> **REQUIRED WORK**:
From the listing below, reproduce exactly the lines starting with the one with "Firefighter at the scene of a fire 69972995" and going on through the one with "female doctor with syringe vaccinating patient female", both ends kept. No picture is copied.

> **EXTRACTED ENTRIES**:
------------------------------------------------

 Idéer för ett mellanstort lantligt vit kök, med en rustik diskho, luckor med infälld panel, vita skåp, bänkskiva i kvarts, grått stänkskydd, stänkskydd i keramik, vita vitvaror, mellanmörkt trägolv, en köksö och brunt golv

------------------------------------------------

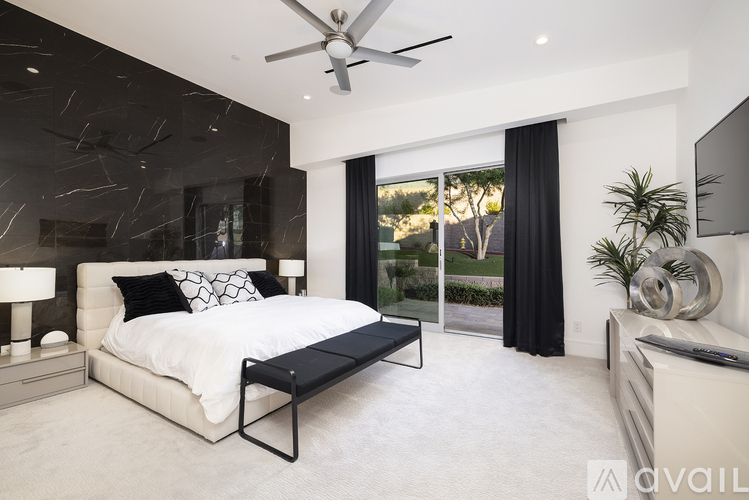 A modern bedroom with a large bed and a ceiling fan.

------------------------------------------------

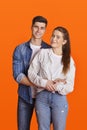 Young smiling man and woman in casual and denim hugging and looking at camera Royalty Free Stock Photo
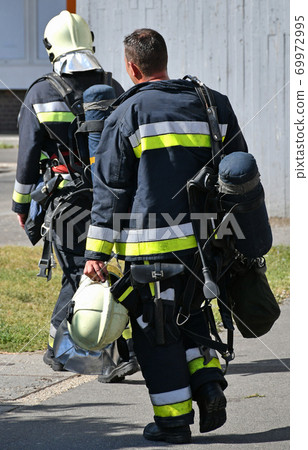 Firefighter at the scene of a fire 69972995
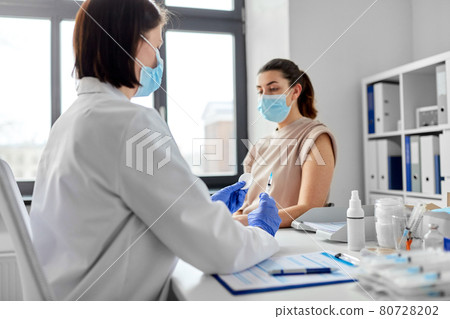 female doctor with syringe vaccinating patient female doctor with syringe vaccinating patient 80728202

------------------------------------------------

> **COMPLETED TASK**:
 Firefighter at the scene of a fire 69972995
 female doctor with syringe vaccinating patient female doctor with syringe vaccinating patient 80728202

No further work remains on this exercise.